▶ [What to work on] Every line of the material below should be output exactly as written, with the images skipped.

------------------------------------------------------------

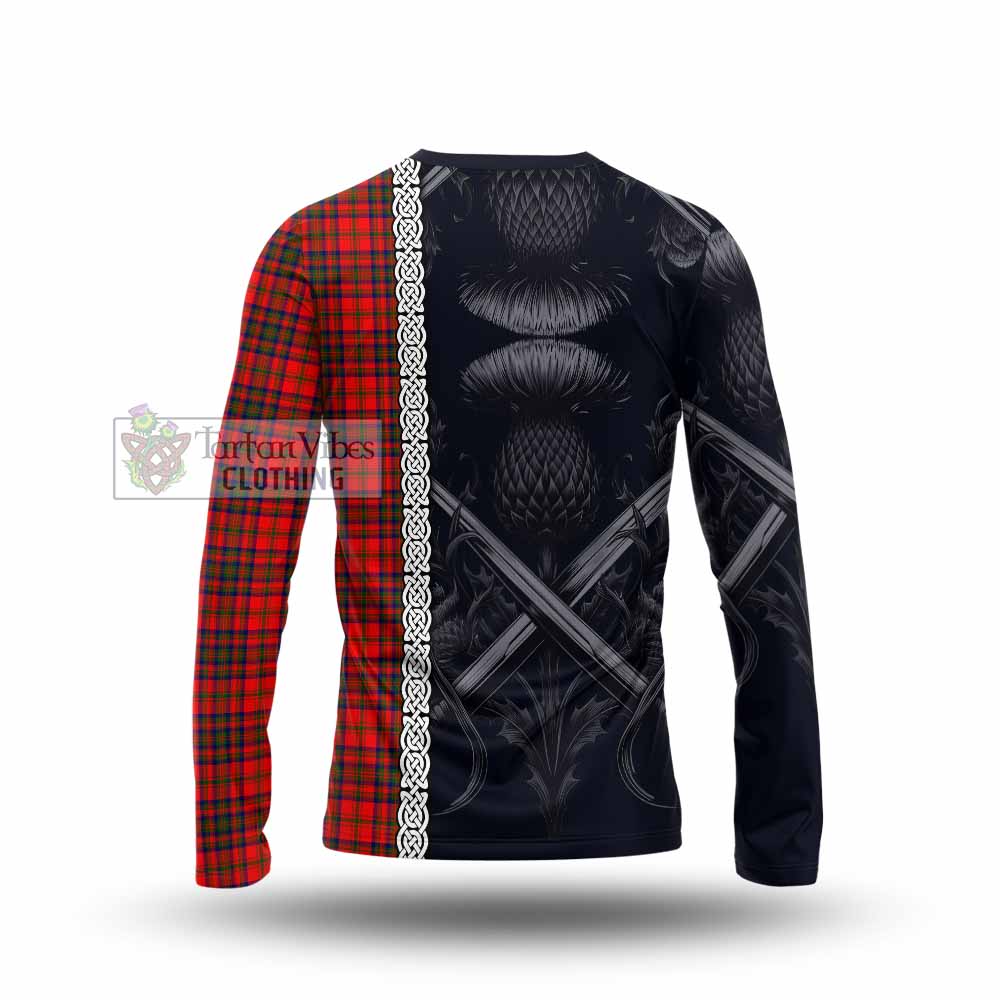 Tartan Vibes Clothing Matheson Tartan Long Sleeve T-Shirt with Family Crest Cross Sword Thistle Celtic Vibes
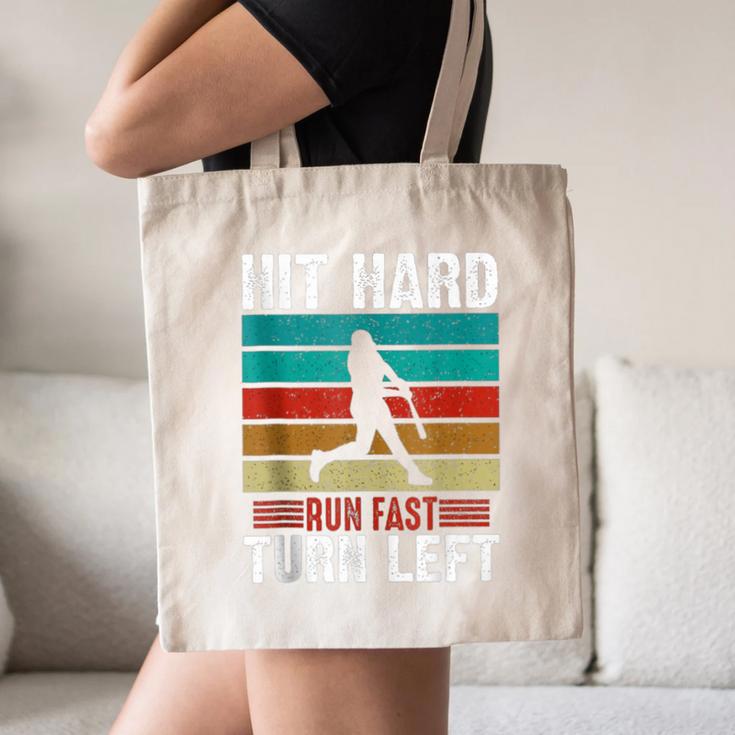 Retro Hit Hard Run Fast Turn Left Baseball Lover Canvas Tote Bag Retro Hit Hard Run Fast Turn Left Baseball Lover Canvas Tote Bag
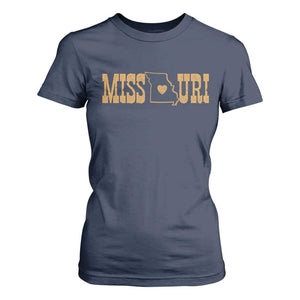 Vintage Missouri State Map T Shirt For Women Midwest Pride Gift TS12 Navy Print Your Wear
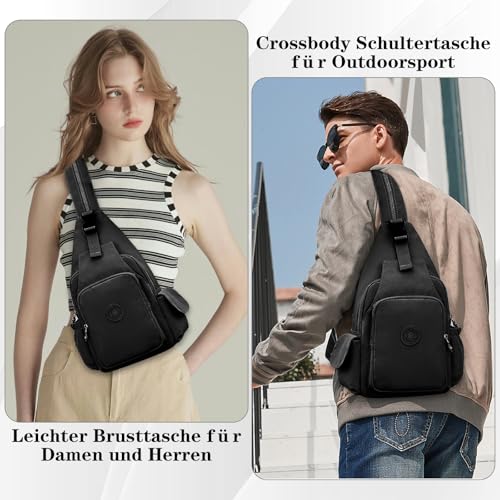 Indrnif Crossbody Schultertasche,Sling Tasche, Oxford Stoff Schlinger Brusttasche,Crossbody Tasche für Frauen,Stilvoller Umhängetasche mit Mehreren Taschen zum Reisen, im Freien, Einkaufen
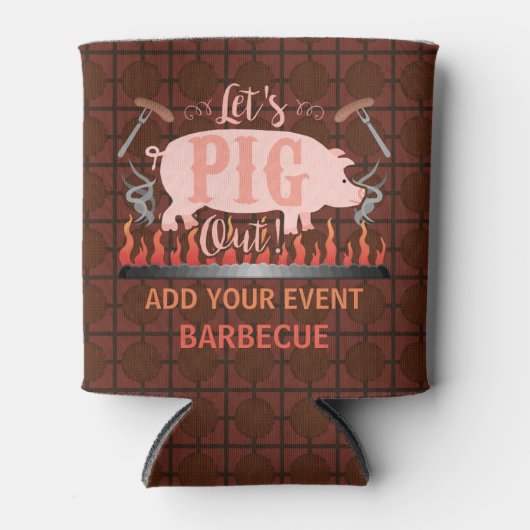 Barbecue GRILLEN Funny Pig Summer Grilling Custom Dosenkühler (Vorderseite)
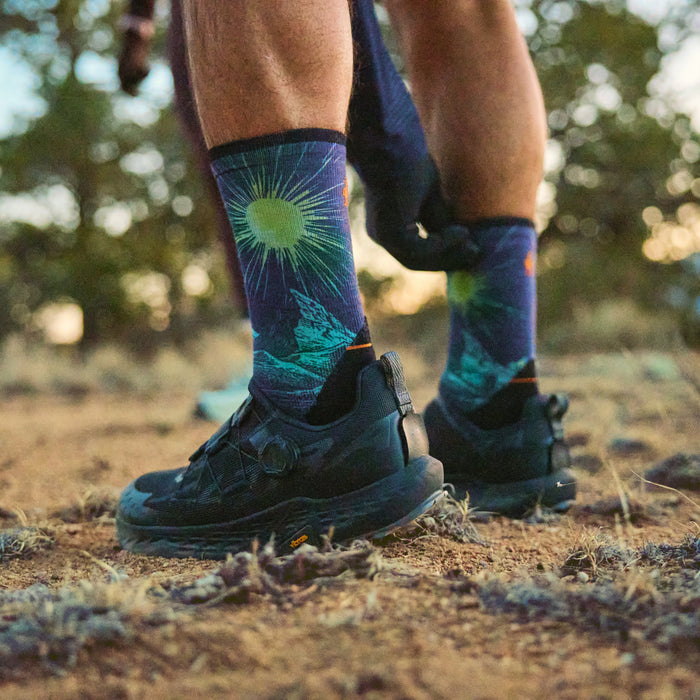Smartwool Trail Run Treeline Print Crew Socks in Deep Navy, detail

------------------------------------------------------------

▶ [Your solution]
 Tartan Vibes Clothing Matheson Tartan Long Sleeve T-Shirt with Family Crest Cross Sword Thistle Celtic Vibes
 Retro Hit Hard Run Fast Turn Left Baseball Lover Canvas Tote Bag Retro Hit Hard Run Fast Turn Left Baseball Lover Canvas Tote Bag
 Vintage Missouri State Map T Shirt For Women Midwest Pride Gift TS12 Navy Print Your Wear
 Indrnif Crossbody Schultertasche,Sling Tasche, Oxford Stoff Schlinger Brusttasche,Crossbody Tasche für Frauen,Stilvoller Umhängetasche mit Mehreren Taschen zum Reisen, im Freien, Einkaufen
 Barbecue GRILLEN Funny Pig Summer Grilling Custom Dosenkühler (Vorderseite)
Smartwool Trail Run Treeline Print Crew Socks in Deep Navy, detail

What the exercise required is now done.